J'ai travaillé un peu dans le cinéma, un peu à la télé. J'ai commencé à écrire en 2001 et mon premier livre est paru l'année suivante. Je n'ai plus arrêté. J'avais dépassé la trentaine. Avant, je n'avais jamais osé.
*Comment avez-vous franchi le pas?
J'avais écrit des courts-métrages, travaillé sur un long que mon mari a réalisé. J'ai également écrit un long-métrage que je voulais réaliser moi-même. Mais j'étais trop fébrile et stressée. J'ai fait lire mon scénario autour de moi et on m'a dit que cela ressemblait à un livre. Arnaud Cathrine l'a passé à Geneviève Brisac. Elle m'a encouragée à écrire…Des ailes me sont alors poussé. Je m'y suis mise et j'ai écrit mon premier livre. Cela a été une révélation. C'est comme si j'avais toujours attendu ce moment.
*Quels sont vos autres passions, centres d'intérêt?
J'aime écouter les gens qui savent. Pas ceux qui pensent savoir, ceux qui savent vraiment. J'aime bouquiner.Et j'aime faire des choses manuelles.Et écrire, évidemment.
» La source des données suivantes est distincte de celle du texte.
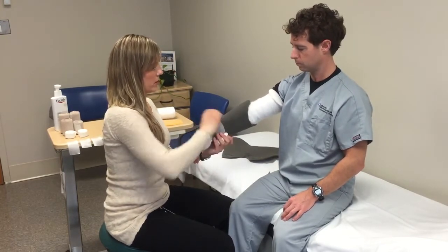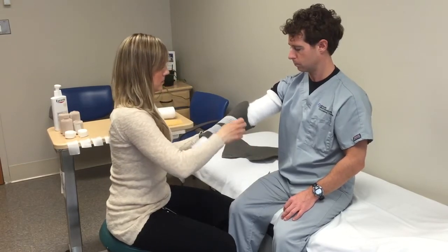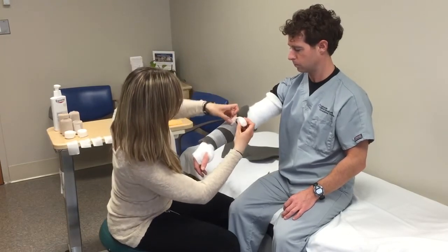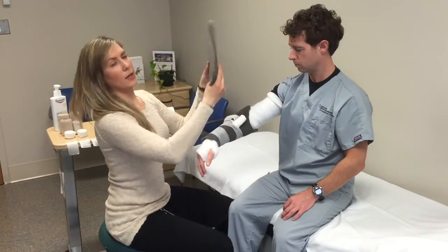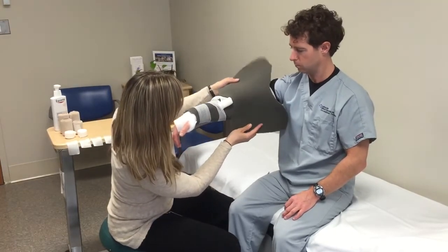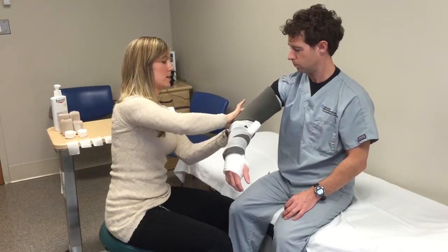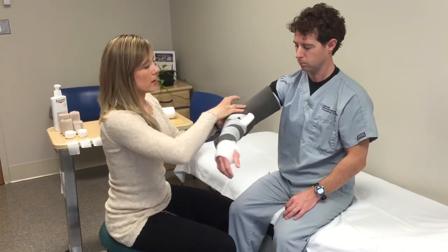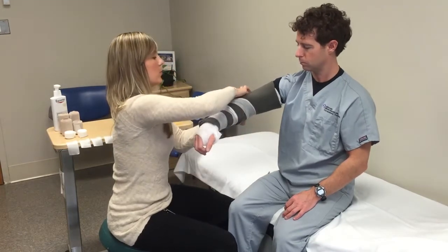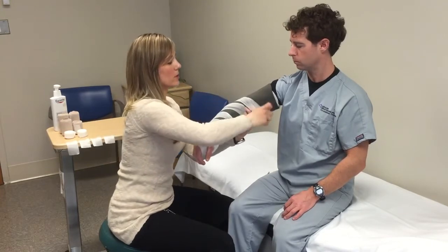Ideally you'd have some overlap that you would fold over. Take your stretchy gauze just to hold it in place — you can tuck your gauze in — and then apply your top piece. Line everything up, try to tuck everything in nicely, and then continue securing everything with the gauze. The point of the foam is to make the bandage more comfortable and more dynamic.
Voilà la vie idéale.
*Comment vivez-vous le travail d'écriture?
C'est un grand voyage. On entre dans un monde, on est en conversation avec ses personnages. On est dans la retranscription de ce monde intérieur, dans un flux de pensée.Quand j'écris un livre, le monde qui est dans ma tête me protège du reste. Il y a ce truc qui avance. C'est ma maison. C'est un sentiment que je ressens de plus en plus. Il y a des livres qu'on a envie de finir. Pas Le don d'Adèle. Je n'étais pas pressée.
*En littérature jeunesse, quels sont vos auteurs, vos livres de prédilection?
(elle monte les escaliers et revient les bras chargés de livres. Alors, en vrac…:)
Nanouk et moi, de Florence Seyvos que j'ai trouvé remarquable.
Les contes de Christian Oster pour les plus petits.
Grignotin et Mentalo, de Delphine Bournay.
Agnès Desarthe, bien sûr.
Mathilde met son grain de sel, de Sophie Chérer.
Martin Page. Le club des inadaptés, Une parfaite journée parfaite.
Pour les petits, Elisabeth Motsch.
Et le génial Petite feuille Nénèste, d'Anne Bouin. C'est l'histoire d'une gamine dans un pensionnat en Russie. On lui donne un livre et elle va apprendre plein de choses sur ses origines.